The first important task is to increase connectivity through a wider usage of social and virtual networks.

Other considerations are:

Respect multiculturalism

An organisation’s values set the tone for its employees, and its managers have to lead by example. A key value in a global organisation is a respect for cultural diversity. That means, accepting people from other cultures and believing that they can offer a different dimension to the organisation. A respect for differing viewpoints and values is the basis of good teamwork.

The business leader who aspires to be a global one focuses on educating employees to realise that mindsets, and often prejudices, shape behaviour.

Here are some tips to work better with people from diverse backgrounds and cultures:

* Judge the content of a discussion, not the people who are contributing to it;

* Match your body language with other people in the room;

* Do not draw negative comparisons with your own culture;

* Be ready with a smile — it is a universal gesture of goodwill. Even if you make a mistake, people are more likely to overlook it if they perceive that you are friendly, sincere and open-minded.

Organise and structure

To organise and structure international communicatioins and knowledge-sharing strategies, business leaders must be aware of the important trends related to globalisation:

* Cumulative innovations. Shared knowledge can lead to innovations and inventions that rise above national abilities.

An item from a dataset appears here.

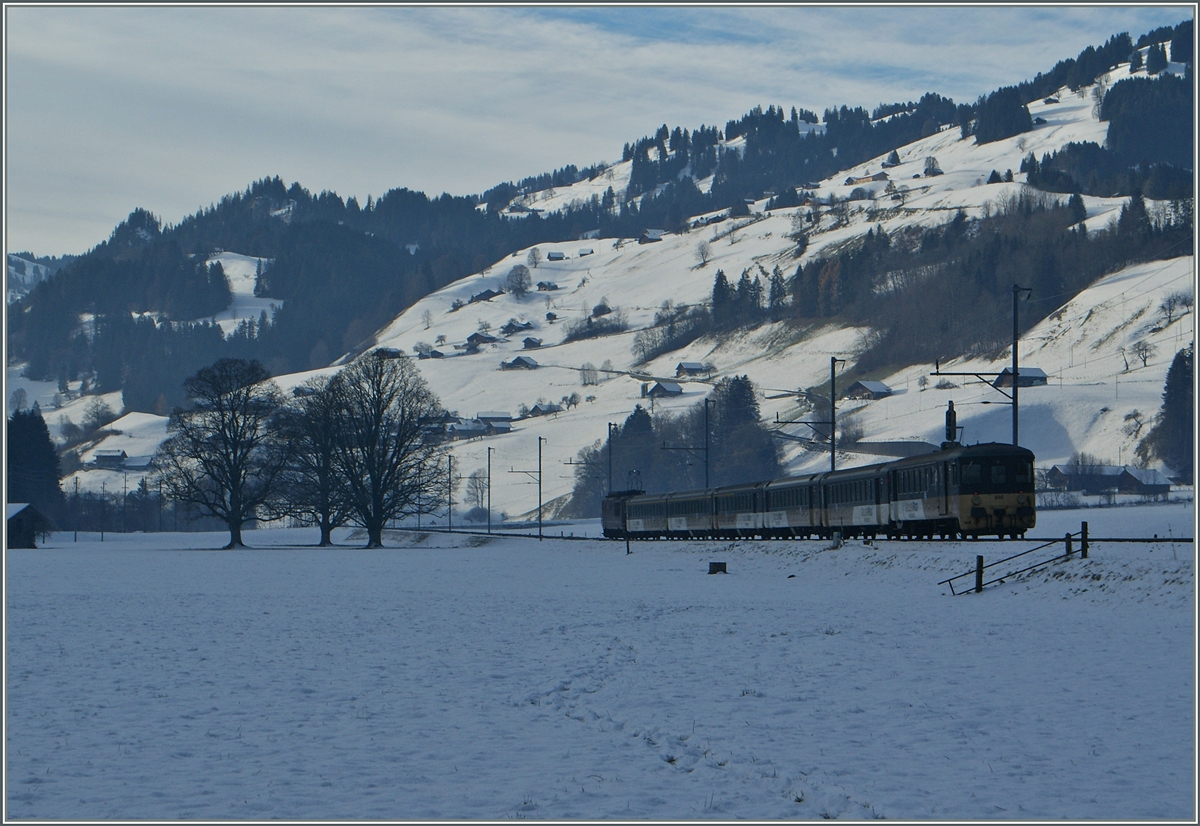 Schnee von Gestern: eine BLS Re 4/4 zieht bei Boltigen ihren  GoldenPass  RE von Interlaken nach Zweisimmen.
5. Dez. 2013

* Major uncertainties. The European financial crises and the political transitions in the Middle East are examples of how inter-related the world is. Problems in one area can quickly impact others.

* Blurring of boundaries. The way people work and live is influenced by not just the digital highway, but also the “air highway”. Air travel is easier, faster and cheaper than ever. The BRIC (Brazil, Russia, India and China) countries are more than ready for participation and connectivity.

* Dismantling of hierarchies. Members of the younger generation are more individualistic and want more say in shaping their lives. They are using digital communication to express their views on social and political matters. Authoritative regimes in many countries are often the target of political discourse.

Nurture the right qualities

Undoubtedly, one of the most exciting aspects of the globalisation challenge is leadership communication. People can learn a lot about the mindset of a global leader by how he communicates with his own team.

Leaders who engage and inspire their local organisations will function well as international heads. Equipped with high levels of emotional intelligence, these leaders are easily accessible, culturally competent and have all the right qualities to build strong international relationships.

Test openness levels

Working internationally means working across one’s own borders. To deal successfully with other cultures means to be open to other ideas. Here are some guidelines to identify your level of openness to change and to different cultures:

* Name a country you visit regularly.

* What are five typical habits of this country?

* How many different “foreign” restaurants do you visit in your home country?

It is common to hear someone say that “the world is getting smaller”.

This is certainly true when you consider how easy it is to communicate with people halfway across the world through technology like e-mail and social media. Huge strides in aviation have also shrunk the time it takes to travel to various parts of the globe.

In a similar way, business leaders who increase accessibility and build a healthy respect for cultural diversity are ready to take their organisations global.